Wednesday, May 13, 2009

Nonresponse


People who respond vs. those who don’t to surveys are sometimes very different, including sometimes on key types of information that researchers are studying. Let’s say you’re studying people’s opinions about gun control. People for whom this issue is very important – let’s say, National Rifle Association members (let’s say they’re very against gun control) and relatives of gun violence victims (let’s say they’re very for gun violence) - may be much more likely to respond to questions about gun control. Because of this, surveys ostensibly of samples of the whole U.S. population may artificially suggest the public is polarized on this issue. There may, in fact, be lots of people who don’t have strong feelings for or against gun control. It may be hard to notice this if the survey research response rates among NRA members and gun violence victim relatives are much larger than response rates among other people.

But how to figure this out and what to do about it?The first paid workshop I went to at the American Association for Public Opinion Research conference on Hollywood (FL) beach this week dealt with this.

One of the key would-be presenters skipped out because the Obama Administration has just appointed him to direct the U.S. Census Bureau. A University of Nebraska professor substituted for him, joining a researcher for a private research firm.

A key point Michael Brick and Kristen Olson made was that many survey researchers focus on response rates (the percentage of people you asked to respond to a survey who actually did so) as a proxy for error due to nonresponse, to nonresponse bias. But they cited a 2008 study that showed that many studies with all different kinds of response rates can suffer from large nonresponse bias. Even with surveys with response rates of 60, 70, 80, or 90 percent, the people who respond and the people who don’t respond may be very different, even on the key variables the researchers are interested in.
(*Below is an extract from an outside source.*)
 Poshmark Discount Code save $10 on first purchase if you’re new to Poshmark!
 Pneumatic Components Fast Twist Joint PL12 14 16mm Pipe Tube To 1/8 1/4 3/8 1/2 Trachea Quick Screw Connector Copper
Conversely, surveys with response rates of 10, 20, or 30 percent may involve respondents and nonrespondents who are not very different from each other on relevant key variables. In general, this study showed that response rates (oir - inversely - nonresponse rates) are a very imperfect indicator of nonresponse bias.


A strategy for assessing nonresponse bias initially that one of my colleagues (Jack) often suggests is comparing results for a key variable on one survey with results from another another, maybe even a better survey. The workshop leaders suggested comparing results on – for example, age – for a general survey of the U.S. population that one might be working on with – let’s say, the age distribution – that comes out of the Census Bureau’s American Community Survey. In my office we can compare results for surveys of Presbyterian congregations (as answered by their leaders) with Office of the General Assembly data (that actually comes from another survey of congregations, the Session Annual Statistical Report).

I was recently looking at responses to yet another survey of Presbyterian congregations (this one from last year) and comparing responses on some similar questions on another survey, this one from 2000. I was interested in change, but I was a little suspicious of some of the changes that showed up (partly because the implications seemed so bleak: more financial problems now, fewer volunteers, fewer staff, weaker vision for the future, etc.). I wondered if too many of the responses to the current survey came from small, struggling Presbyterian congregations. I went to OGA/SASR data and found that the median average worship attendance for the congregations surveyed was pretty similar to that for all PC(USA) congregations (around 70 worshipers on Sunday). That surprised me. What may have exaggerated 2000-2008 changes, however, was that the median worship attendance for congregations whose leaders responded to the 2000 survey was significantly larger than median attendance for Presbyterian congregations in general at that time. Median worship attendance has decreased a little, but not as much as you’d think from just looking at these two surveys.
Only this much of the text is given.